Seite 2: Darmstadt bleibt Darmstadt, auch unter Frings

Zumin­dest in dieser Partie ging dieses Kon­zept nicht auf. Denn da war ja noch der andere neue Trainer. Torsten Frings ging im Ver­gleich zu Hecking den umge­kehrten Weg: Eine, wie auch immer gear­tete, Frings-Taktik“ war nicht zu erkennen. Statt­dessen ließ er Darm­stadt spielen, was Darm­stadt in den ver­gan­genen Jahren stets spielte: ein kom­paktes 4 – 2‑3 – 1‑System, das auf Kampf­kraft und viele lange Bällen baute.
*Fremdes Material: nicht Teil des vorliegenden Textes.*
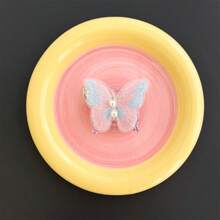 1 Pieza Soporte de teléfono con diseño de mariposa retráctil y airbag, estilo japonés Ins, ideal para personas perezosas que ven dramas, soporte de escritorio, estilo japonés fresco y minimalista, anillo de dedo creativo, adecuado para todos los teléfonos móviles del mercado.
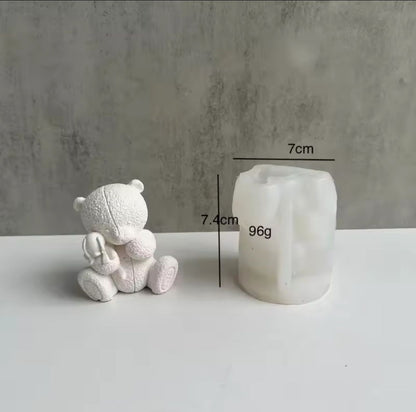 Molde Oso Con Conejo De Peluche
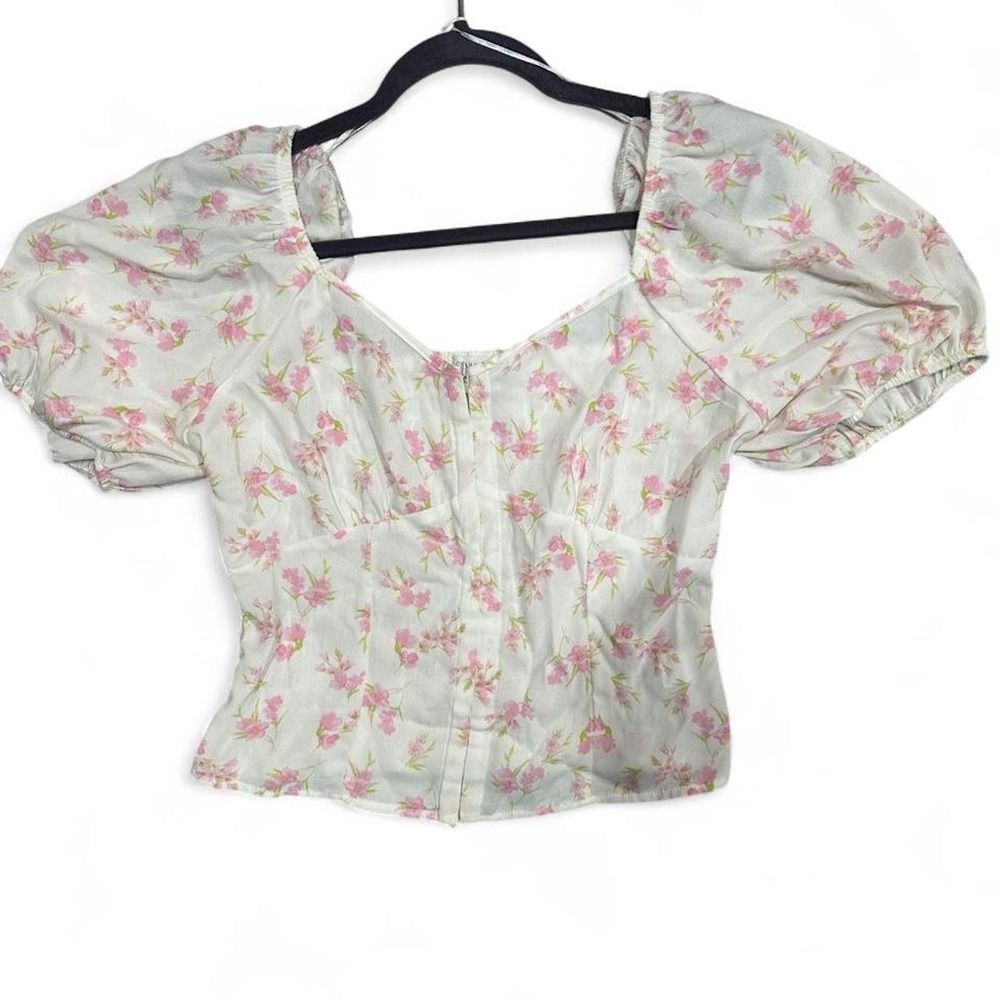 Sienna Sky White & pink floral blouse with puffy sleeves size L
Nur im Detail ließen sich kleine Ände­rungen in der Spiel­struktur fest­stellen. Darm­stadt ver­tei­digte etwas tiefer, stand dafür aber wesent­lich enger als in der Hin­runde. Die Außen­spieler rückten weit ins Zen­trum ein. Darm­stadt spannte ein dichtes Netz über das Zen­trum, ließ dafür aber die Flügel eher offen. Sie drängten Glad­bach gera­dezu den Pass auf die Flügel auf.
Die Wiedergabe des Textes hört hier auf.